Waltraud Meier (vorn, Waltraute), Ricarda Merbeth (Brünnhilde), Photo: Sächsische Staatsoper, © Ludwig Olah

Willy Deckers Fassung sind viele Elemente eingegeben, nicht immer herrschen alle vor. Eine Qualität hat die Inszenierung ohne Zweifel: je öfter man sie sieht, desto mehr kann man darin entdecken. Der Zuschauer entwickelt sich quasi mit. Wenn diesmal also Traum und Taumel bestimmende Elemente waren, dominierten sie deshalb nicht das gesamte Geschehen und Empfinden, sondern blieben Teil eines Narrativs bzw. kommentierten auf höherer Ebene. Die dichte Verwebung von Klang und Bild waren geradezu berauschend – wer wollte da zu denken wagen, dies sei ein Abgesang (Thielemanns Ring in Dresden) gewesen?

Der Lustfaktor blieb nicht nur ungebrochen, er ist eine entscheidende Ingredienz des Kapellmeisters – die Berauschung kommt schließlich nicht von ungefähr.
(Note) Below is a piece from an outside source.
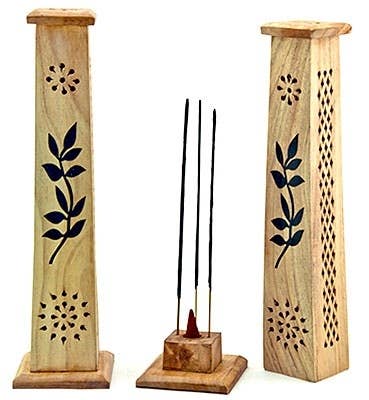 2 Pieces Floral Design Wooden Tower Burner for Sticks & Cone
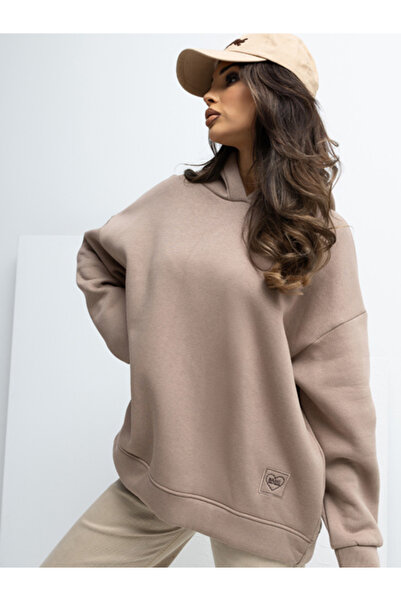 rue parıs Women's Sweatshirt, RUE PARIS, Cotton, Long Sleeve, Dark Beige, mod...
Manchmal wurde er in dieser »Götterdämmerung« dennoch zu heftig. Vor allem im letzten Aufzug gerieten Trauermarsch und Verwandlungsmusiken so laut, daß es fast wehtat. Trotz dieses Übermaßes behielt Christian Thielemann seine differenzierte Ausdeutung und Sängerunterstützung.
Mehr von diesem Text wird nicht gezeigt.